Mercy Mission is a non-profit organization founded by Tawfique Chowdhury in 2007. It focuses on supporting Muslims returning to their faith.

==History==
Mercy Mission was founded with the motto “knowledge and action.” It was founded in Australia and subsequently spread to the UK, South Africa, India, Canada, Malaysia, Bangladesh and Pakistan.

As of 2013 it had over twenty projects, mainly divided into education and social service.

==Organization==
The organization's mission is to promote religious observance, confidence, self-sufficiency, and selflessness.

According to Charity Commission for England and Wales Mercy Mission UK has an annual revenue of £851,846 and expenditures of £779,079. It has over 3000 volunteers who were mainly recruited through its AlKauthar institute.

== Programs ==

=== Family and community ===

==== Charity Right ====
Charity Right is a not-for-profit organization under Mercy Mission established in 2013 which focuses on providing food to chronically hungry people worldwide. It feeds thousands of people weekly and aims to verify its spending by providing pictures and GPS coordinates.
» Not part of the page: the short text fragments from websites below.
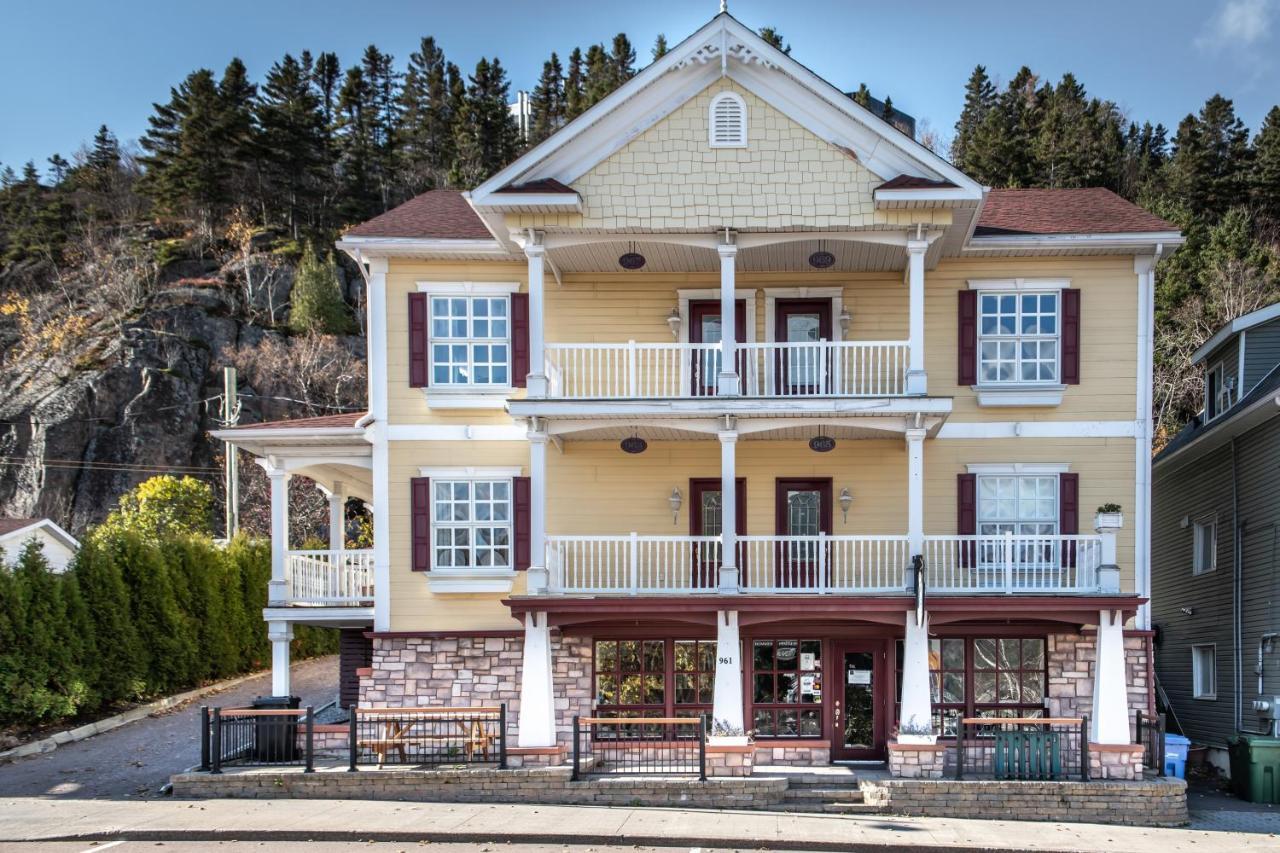 Appartements Victoria ラ・ベ エクステリア 写真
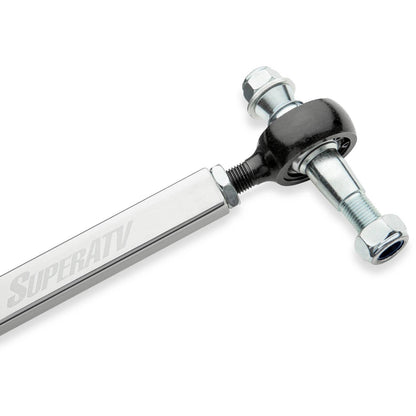 Polaris RZR Pro XP Billet Aluminum Tie Rod Kit
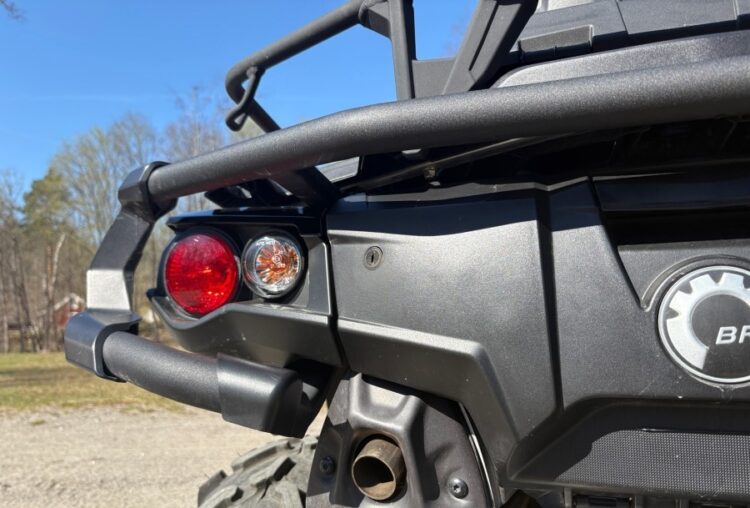 2015 Can-Am Outlander Max 1000R XPT (4x4) ATV - Image 20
It raises funds through its website, charity dinners and public charity events. Charity Right also provides job matching and training with the help of government bodies.

==== Women's shelters ====
Mercy Mission's women's shelters cater to homeless Muslim women in Melbourne, London, Birmingham, Manchester, Mumbai and Kuala Lumpur. The temporary accommodation offered by the charity provides an environment which complies with the Islamic way of life. Mercy Mission also help the new converts to Islam through a dedicated website and buddy system. Every participant in the "New Muslim Care" goes through a cycle which includes components to assist them with various educational, emotional, and social needs. Pure Matrimony, another initiative that started along with other sister projects at Mercy Mission, is world's largest Muslim matrimonial website exclusively catering for practising single Muslims that is exclusively owned by TSQ Media Limited.

=== Education ===

==== Alkauthar Institute ====
The organization offers the Alkauthar institute which has offered courses in 25 cities to over 57,000 students since its inception. This institute is similar to AlMaghrib Institute. Mercy Mission organizes the "Annual Islamic Conference", "Twins of Faith" and "Being ME" in the UK, Malaysia, Australia and Canada. It also publishes a magazine for children which teaches about various topics, such as science and history, as well as Islam.

==== Ramadan TV ====
Ramadan TV is designed for the Muslim viewer in the month of Ramadan. The channel is designed to showcase a diverse portfolio of shows to reach a wide range of Muslims and help them increase in god consciousness. The channel claims that in 2010, 8/10 Muslim homes reported having viewed the channel. Ramadan TV has also helped the Syrian victims and refugees through its TV series during the Syrian civil war in 2013. Ramadan TV was available in the UK on Sky channel 875 from 12 June to 29 July 2014 as Showcase 3.

==== Revival Tours ====
In 2014, Mercy Mission announced its first Umrah tour (called Revival Tours) to the Islamic holy cities of Makka and Medina.

==== International school programs ====
In 2015, Mercy Mission began its first international school program, called Seven Skies, in Malaysia. In 2016, Mercy Mission announced a branch of Seven Skies in Australia. Although first announced in 2014, in 2017 Mercy Mission re-announced its second International School program (called Guardian) in Canada.

=== Business and sustainability ===

==== National Zakat Foundation ====
National Zakat foundation collects zakat, which Muslims are required to pay each year and helps local Muslims.

==== The Zam Zam Project ====
The Zam Zam project deals with the water conservation at mosques and community centres. It was nominated for the 2009 National Savewater Awards in Australia. It also deals with clean up projects with municipal corporation of Mumbai to make the neighborhoods clean and livable.

==== The Foundation for the Advancement of Muslim Enterprise ====
The Foundation for the Advancement of Muslim Enterprise (FAME) is a network dedicated to the advancement of Muslim professionals, business owners, entrepreneurs, academics and those emerging professionals who are engaged in studies with aspirations of entrepreneurship. It offers its members regular forums to network and exchanges ideas with fellow professionals.

==Criticism==
In 2012 Mercy Mission came under criticism for Ramadan TV's "Save Maryam" campaign, which inaccurately claimed that 2 million Muslims convert to Christianity each year.